このたびの展覧会では1980~1990年代制作の油彩画を中心に構成、200号の大作「ミューズの園」(1983年)の出品も予定されています。
また、浪速八百八橋という言葉がありますが、大阪出身の佐々木は河川や橋に対する思い入れが深く、自身も原風景であると語っています。欧州各地で描かれた数多あるスケッチのなかから、ご遺族のご協力のもとに厳選し併せて展示いたします。

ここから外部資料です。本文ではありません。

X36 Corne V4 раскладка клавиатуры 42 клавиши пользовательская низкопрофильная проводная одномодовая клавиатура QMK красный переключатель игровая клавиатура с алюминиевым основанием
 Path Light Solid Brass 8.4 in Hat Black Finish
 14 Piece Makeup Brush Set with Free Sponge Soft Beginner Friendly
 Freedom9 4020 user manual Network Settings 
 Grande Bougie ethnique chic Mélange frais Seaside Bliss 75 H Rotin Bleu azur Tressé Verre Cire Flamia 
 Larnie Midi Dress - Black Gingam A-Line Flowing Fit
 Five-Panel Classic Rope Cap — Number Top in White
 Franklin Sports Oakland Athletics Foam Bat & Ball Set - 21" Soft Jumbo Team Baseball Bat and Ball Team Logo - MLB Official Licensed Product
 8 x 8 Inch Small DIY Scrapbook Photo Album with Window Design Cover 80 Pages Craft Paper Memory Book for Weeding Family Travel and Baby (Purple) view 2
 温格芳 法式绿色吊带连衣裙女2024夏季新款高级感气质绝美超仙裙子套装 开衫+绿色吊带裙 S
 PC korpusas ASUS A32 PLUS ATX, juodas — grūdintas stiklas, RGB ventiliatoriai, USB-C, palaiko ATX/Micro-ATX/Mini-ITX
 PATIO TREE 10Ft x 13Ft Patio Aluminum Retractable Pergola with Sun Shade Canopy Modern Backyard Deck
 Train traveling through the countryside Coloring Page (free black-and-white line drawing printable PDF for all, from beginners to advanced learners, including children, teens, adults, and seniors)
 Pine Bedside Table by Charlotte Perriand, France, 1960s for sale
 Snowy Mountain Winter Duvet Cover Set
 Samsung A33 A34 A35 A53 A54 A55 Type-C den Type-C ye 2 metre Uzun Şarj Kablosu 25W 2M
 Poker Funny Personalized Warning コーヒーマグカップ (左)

後年茅ヶ崎の隣市である藤沢に居を定め、制作活動に打ち込んでいた佐々木が亡くなったのは64歳になる年のことでした。早過ぎた死が惜しまれますが、後の世に残された数々の作品に満ちる詩的メロディの美しさ、豊かさを、この展覧会でより多くの方々にご紹介出来れば幸いです。是非ご高覧ください。